BEGIN RECORDS FOR THE TASK

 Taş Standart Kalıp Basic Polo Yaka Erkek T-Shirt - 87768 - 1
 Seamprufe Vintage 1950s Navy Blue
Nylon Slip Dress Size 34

END RECORDS FOR THE TASK
BEGIN RECORDS FOR THE TASK

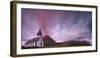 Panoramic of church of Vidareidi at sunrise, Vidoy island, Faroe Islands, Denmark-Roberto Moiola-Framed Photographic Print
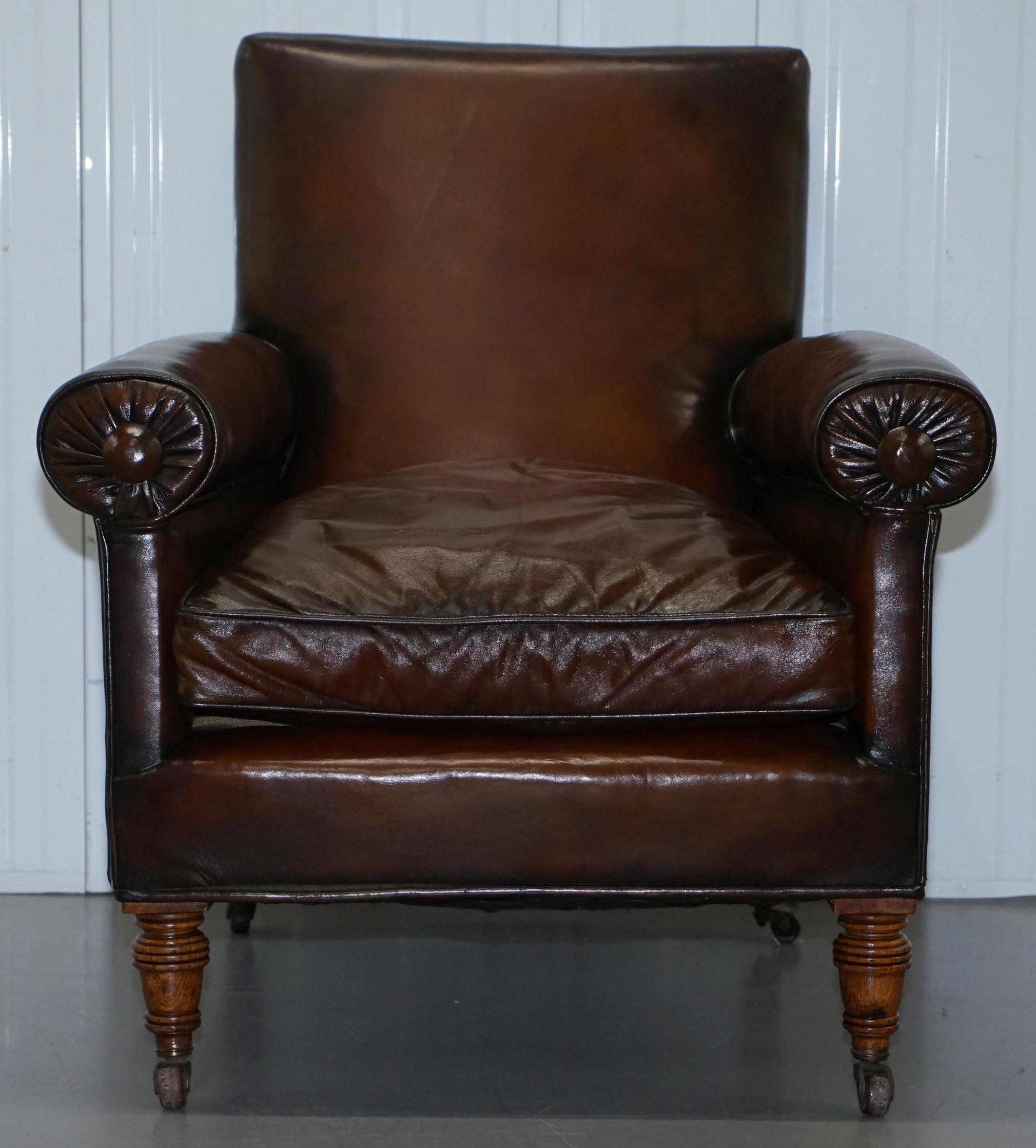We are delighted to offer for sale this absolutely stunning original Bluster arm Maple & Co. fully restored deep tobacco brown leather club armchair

END RECORDS FOR THE TASK
BEGIN RECORDS FOR THE TASK

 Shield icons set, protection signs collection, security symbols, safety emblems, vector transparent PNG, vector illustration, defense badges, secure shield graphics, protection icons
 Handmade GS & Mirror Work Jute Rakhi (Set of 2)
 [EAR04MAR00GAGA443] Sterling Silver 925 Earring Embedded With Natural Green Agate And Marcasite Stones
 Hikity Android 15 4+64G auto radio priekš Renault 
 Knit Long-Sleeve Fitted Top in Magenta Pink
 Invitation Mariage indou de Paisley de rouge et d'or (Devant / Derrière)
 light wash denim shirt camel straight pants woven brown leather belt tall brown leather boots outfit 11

END RECORDS FOR THE TASK

### DESCRIPTION OF THE TASK
Looking at the data above, return every line from the one with "Knit Long-Sleeve Fitted Top in Magenta Pink" down to the one with "light wash denim", exactly and inclusively.

### EXERCISE SOLUTION
 Knit Long-Sleeve Fitted Top in Magenta Pink
 Invitation Mariage indou de Paisley de rouge et d'or (Devant / Derrière)
 light wash denim shirt camel straight pants woven brown leather belt tall brown leather boots outfit 11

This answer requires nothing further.